User-defined functions
User-defined functions enable you to extend ksqlDB's suite of built-in functions using Java hooks. This section is a reference for how they work. Use the how-to guide to learn how to use them.
Data type mapping¶
Because SQL has a type system that is independent from Java’s, user-defined functions (UDFs) need to use specific Java types so that ksqlDB can manage the correspondence from SQL to Java. Below is the mapping to use for all UDF parameters and return types. Use boxed types when you want to tolerate null values.
SQL Type | Java Type |
---|---|
INT | int , java.lang.Integer |
BOOLEAN | boolean , java.lang.Boolean |
BIGINT | long , java.lang.Long |
DOUBLE | double , java.lang.Double |
DECIMAL | java.math.BigDecimal |
VARCHAR | java.lang.String |
BYTES | java.nio.ByteBuffer |
TIME | java.sql.Time |
DATE | java.sql.Date |
TIMESTAMP | java.sql.Timestamp |
ARRAY | java.util.List |
MAP | java.util.Map |
STRUCT | org.apache.kafka.connect.data.Struct |
BYTES | java.nio.ByteBuffer |
Note
Using Struct
or BigDecimal
in your functions requires specifying the schema by using paramSchema
, returnSchema
, aggregateSchema
, or a schema provider.
Classloading¶
How does ksqlDB choose which classes to load as user-defined functions? At start up time, ksqlDB scans the jars in its extensions directory looking for classes with UDF annotated. Each function that is found is parsed and, if successful, loaded into ksqlDB.

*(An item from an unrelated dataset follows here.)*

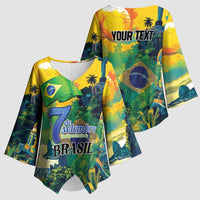Personalized Brazil Sete de Setembro Kimono Sleeve Blouse Brasil Rio de Janeiro Art Style - Wonder Print Shop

Each function instance has its own child-first ClassLoader
that is isolated from other functions. If you need to use any third-party libraries with your functions, they should also be part of your jar, which means that you should create an uberjar. The classes in your uberjar are loaded in preference to any classes on the ksqlDB classpath, excluding anything vital to the running of ksqlDB, i.e., classes that are part of org.apache.kafka
and io.confluent
.
Annotations¶
Annotations not only help ksqlDB figure out which classes will be used as UDFs, they also help commands like DESCRIBE FUNCTION
display helpful metadata.
Scalar functions¶
When a class is annotated with @UdfDescription
, it's scanned for any public methods that are annotated with @Udf
. If it matches, the class is loaded as a scalar function. Each method's parameters may optionally be annotated with @UdfParameter
. Here is what each of these annotations can be parameterized with.
@UdfDescription
¶
The @UdfDescription
annotation is applied at the class level.
Field | Description | Required |
---|---|---|
name | The case-insensitive name of the UDF(s) represented by this class. | Yes |
description | A string describing generally what the function(s) in this class do. | Yes |
category | For grouping similar functions in the output of SHOW FUNCTIONS. | No |
author | The author of the UDF. | No |
version | The version of the UDF. | No |
@Udf
¶
The @Udf
annotation is applied to public methods of a class annotated with @UdfDescription
. Each annotated method will become an invocable function in SQL.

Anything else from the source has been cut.